Reddit Lesson: Never outsource your core competency.

The gawker story appears to have nothing in common at all. Seems to summarize
to being totally spineless about admitting they operate an online supermarket
checkout lane tabloid, followed by drama over people who would like to pretend
they are not (why? They can't be that dumb, ego they're being paid to generate
heat and clicks with an artificial story), with a side dish of I'd rather
debate the overall ethical issues of tabloids as an industry sector being good
or bad.

Gawker lesson: Be honest. People might or might not like you, but they hate
dishonesty more.

If there is an overall lesson from both, from a past article awhile ago, I
suggested an indication of bubble top is we're seeing the results of amateur
hour tryhard then crashing and burning. Basic management leadership skills
would have avoided both problems; "real companies" do not suffer from basic
mistakes like this.
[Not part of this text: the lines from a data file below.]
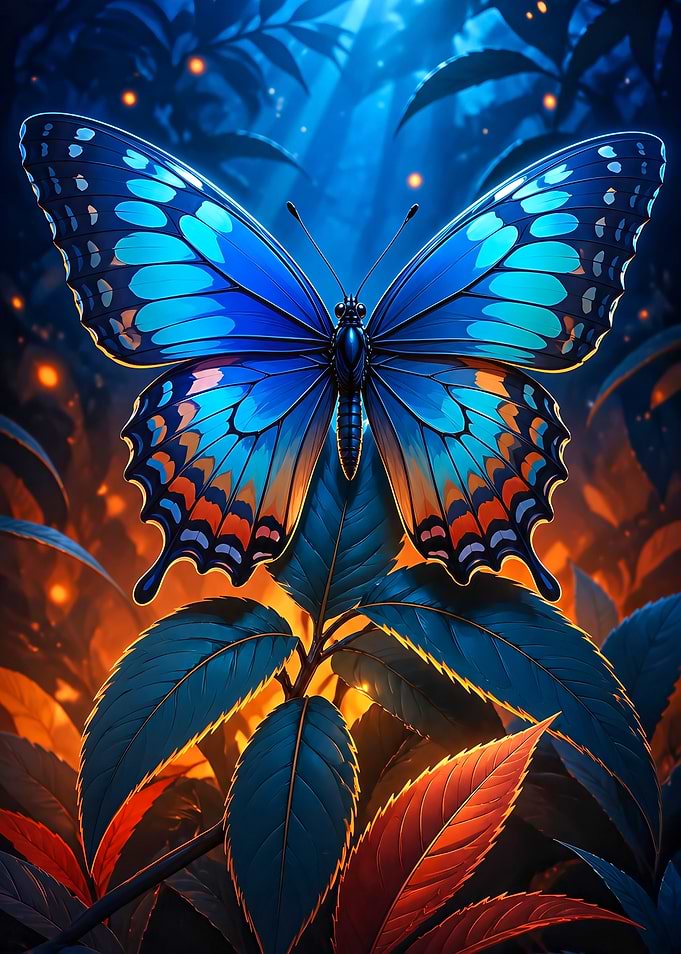 Vibrant Blue Butterfly on Dark Leaves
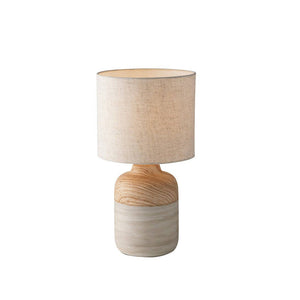 Woody ceramic table lamp with fabric lampshade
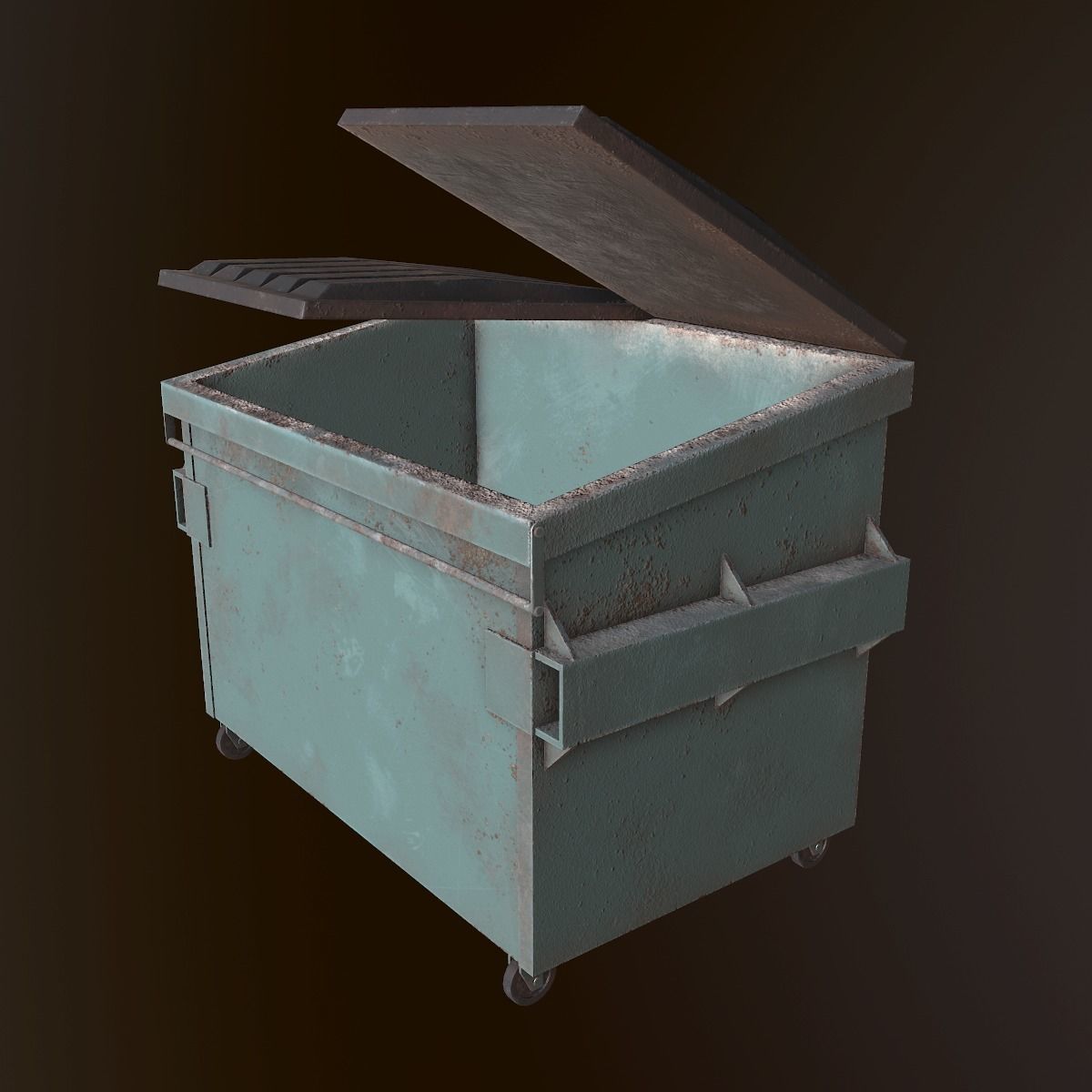 Dumpster - PBR Game Ready metal trash can on wheels Low-poly 3D model_7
In zero sum bubble markets like real estate, commodities,
and stocks there's a concept of bag holders, where around the top, you can
tell who the incompetent traders are because they're the ones left holding the
bag. With a side dish of if you can't tell who the bag holder is, you're
probably the bag holder (there is a poker table analogy WRT suckers...)
Everyone can see bagholders all across tech, therefore we're at or just past a
bubble top in internet tech companies again. Its all downhill from April 2001
or spring of 2015 or whatever. Wheeee!